It's hard to hire good direct sales people into a new sales organization for
the same reason that it's hard to find an effective SEO consultant on the open
market: the people that have this skill can make it rain money and are not
looking for jobs. So you can safely assume that almost everyone you're talking
to for your first sales hire is a product of adverse selection.

------
shn
Unfortunately I have encountered those "sales" people quite a few time during
my long career (in financial industry.) They sell themselves very well,
they're very good at with people, they make a lot of jokes, laugh a lot, they
use their own families (dinner parties etc.) for getting closer to people and,
dresses very very well for all occasions. They play politics in the office
very well as well. When it comes to deliver something, you always see delays,
they quickly offload responsibility to those who can actually do it (and they
are very good with them as well). They suck up, but when it comes down to it,
they kick down hard especially those who helped them in the past. They all
disliked me, since I was very blunt to them. It is easy to detect them, since
if he is really someone to deliver he will do it very soon, otherwise they
play endless delay tactics.

------
rdl
A founder should not be delegating sales to a hire, and if you have multiple
cofounders, it is moronic to have only one of them aware of sales (with 3
people, you could maybe get away with 2 people knowing about most of the
clients, or a different subset of 2 for each client, but even then).

------
sarcasmatron
As a hiring manager, I always try to either (a) hire 90 day contract to full-
time; or (b) hire under a 90-day trial or probationary period. At the end of
the period I ask myself if I would still hire that person. If my instinct is
"no", I trust my instinct. It's good for morale when everyone knows that the
90 days is a meaningful evaluation period.
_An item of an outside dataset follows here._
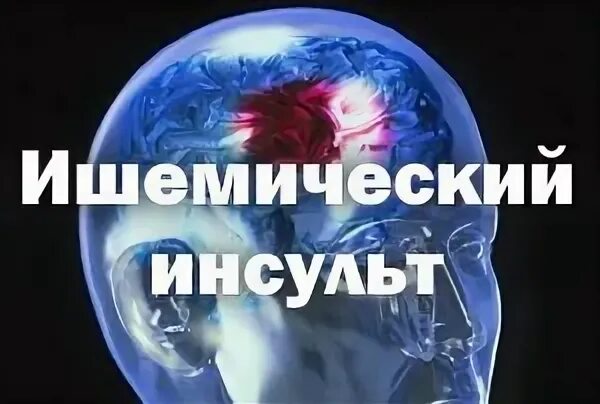 Инсульт правая сторона шанс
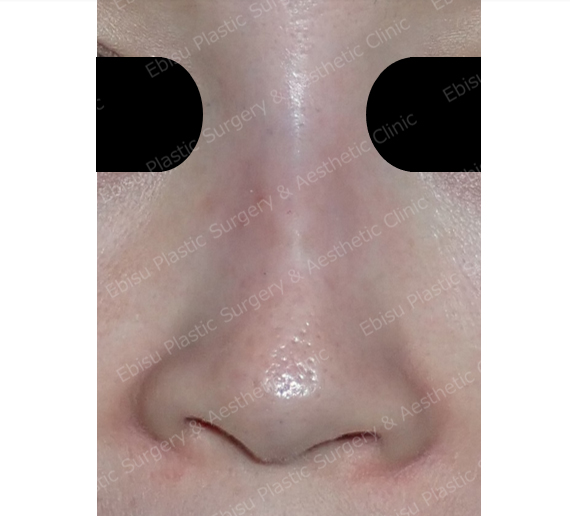 鼻のヒアルロン酸注入症例写真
As a job-seeker, I always make sure that I contact my references and give them
a heads-up that the call is coming in, along with a copy of the resume I
submitted for the job and the job posting. It's out of courtesy to the person
I'm asking to provide me with a reference.

------
steve_cronin
Excellent post. Mirrors my own experience a lot. How many life-savings and
great business ideas have been burnt beyond repair by doofus business losers
only god can imagine.

------
ericflo
What I'm taking away from this is that it really is important to check up on
the background and specific accomplishments of new hires, regardless of prior
accolade or title.

------
dangrover
This is exactly what happened to me with Etude and why I ended up selling when
I did.

------
grinnbearit
Have you met Frank? <http://businessofsoftware.org/video_10_pkenny.aspx>

------
kevinalexbrown
Maybe the rule is "don't be embarrassed about asking questions when your
business/reputation is on the line." Kind of easy to get starstruck, I guess.

------
matdwyer
I don't think anyone gets it right the first time. My first two "hires" were
horrific. I ended up learning from the experience and better shaping what I
wanted, what I needed to do differently, etc.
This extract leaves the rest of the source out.